_ASSIGNED TASK_
In the material below, pictures must be dropped. Repeat exactly, and only, the lines from the line with "Photo of property" to the line with "Photo - 16 Oliver St Unit 1", both ends included.

_SUPPLIED ENTRIES_
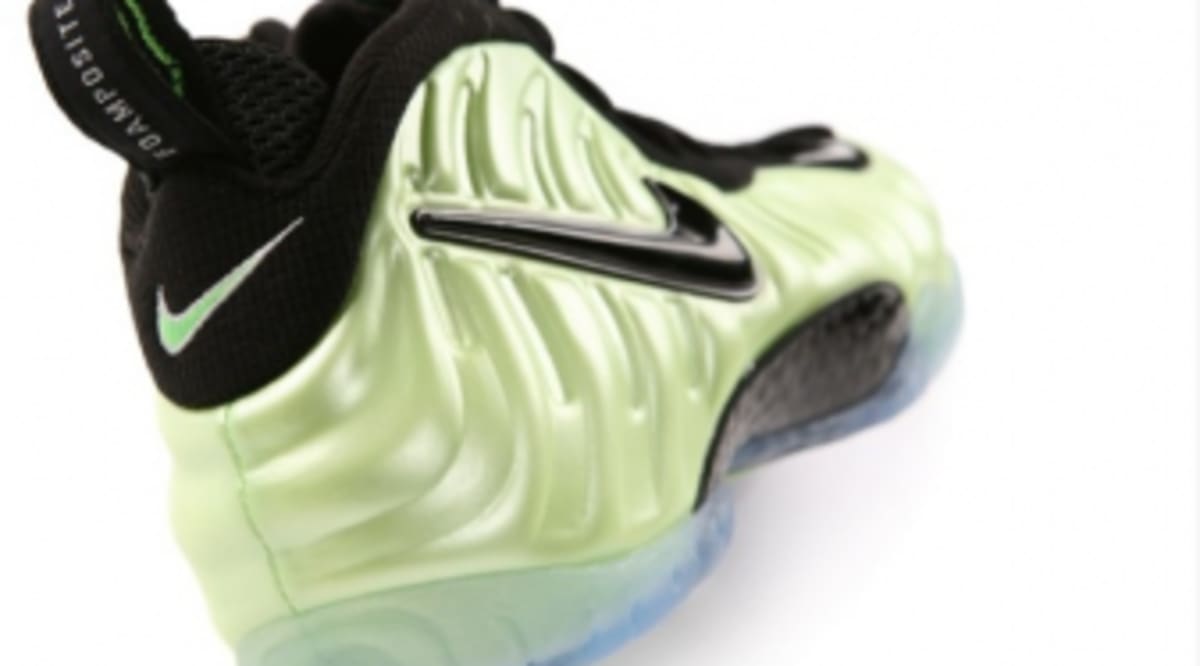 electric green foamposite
--
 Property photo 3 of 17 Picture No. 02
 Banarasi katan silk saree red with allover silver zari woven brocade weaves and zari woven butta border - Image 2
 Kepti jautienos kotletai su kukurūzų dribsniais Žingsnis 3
==
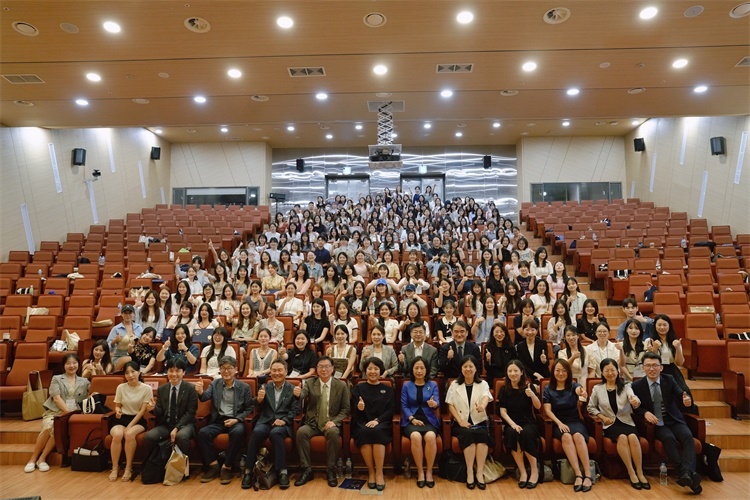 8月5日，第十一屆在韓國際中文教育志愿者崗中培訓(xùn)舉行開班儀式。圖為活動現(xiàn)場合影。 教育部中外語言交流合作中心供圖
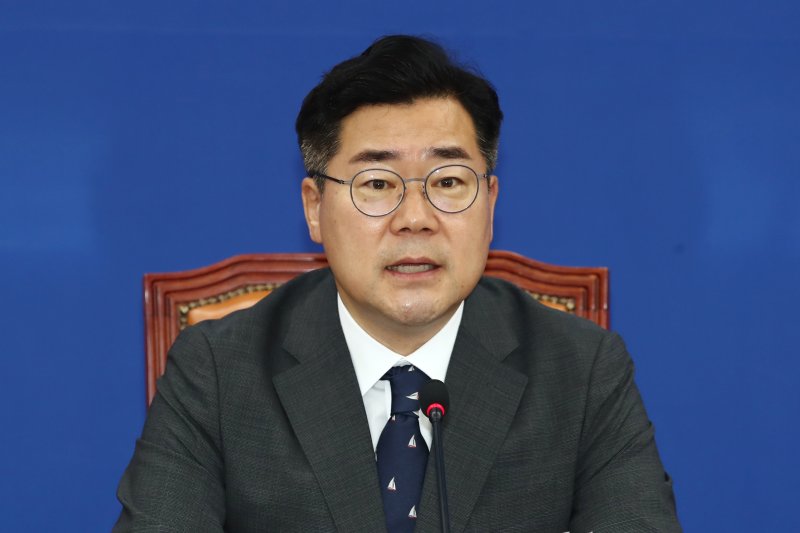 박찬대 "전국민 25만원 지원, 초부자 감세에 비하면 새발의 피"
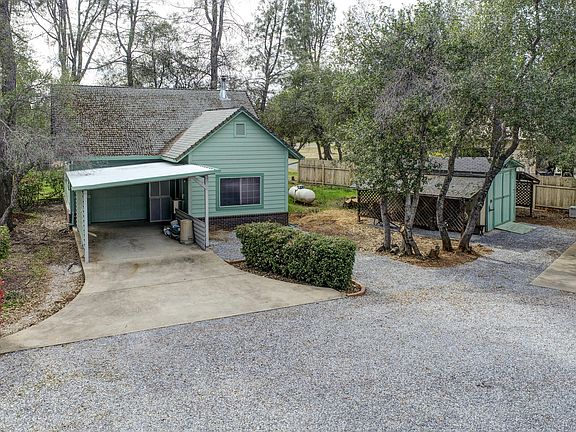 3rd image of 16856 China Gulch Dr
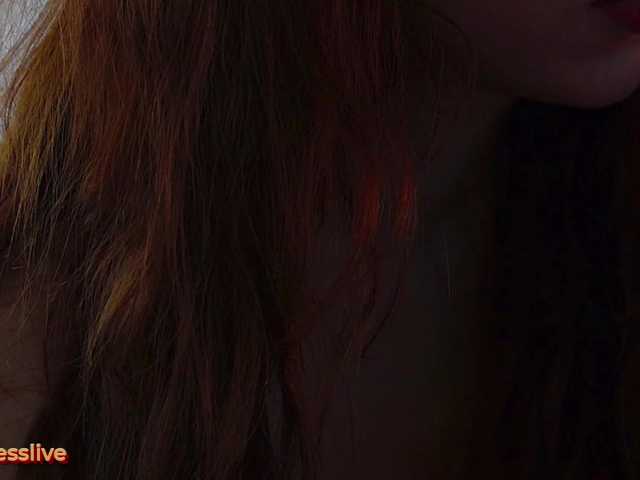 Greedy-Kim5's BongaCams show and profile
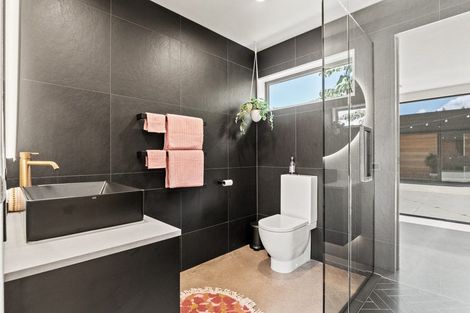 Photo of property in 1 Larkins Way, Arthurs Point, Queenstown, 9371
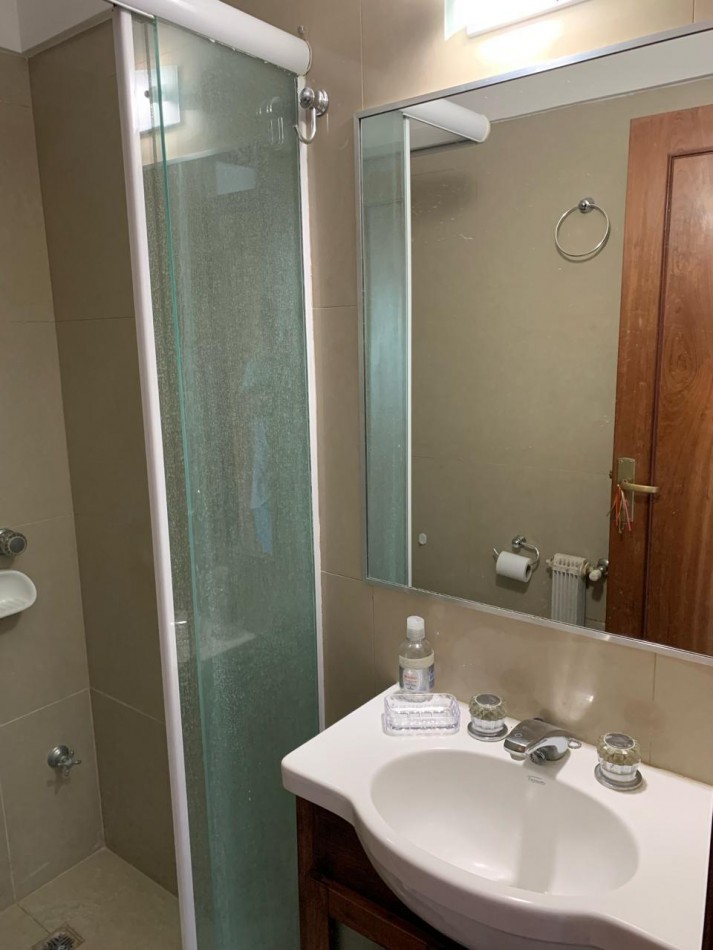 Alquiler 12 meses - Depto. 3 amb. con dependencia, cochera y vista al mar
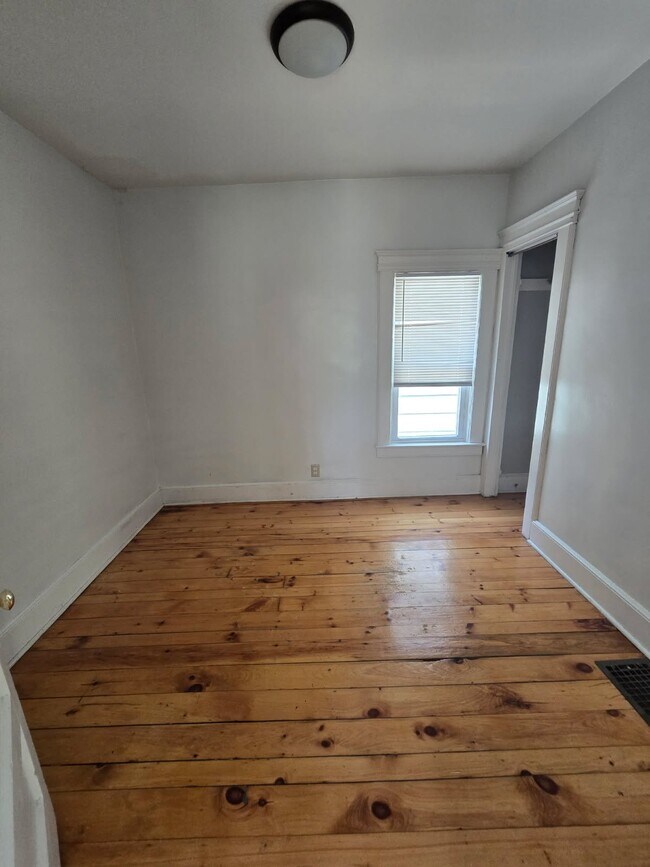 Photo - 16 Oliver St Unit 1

_RESULT OF THE EXERCISE_
 Photo of property in 1 Larkins Way, Arthurs Point, Queenstown, 9371
 Alquiler 12 meses - Depto. 3 amb. con dependencia, cochera y vista al mar
 Photo - 16 Oliver St Unit 1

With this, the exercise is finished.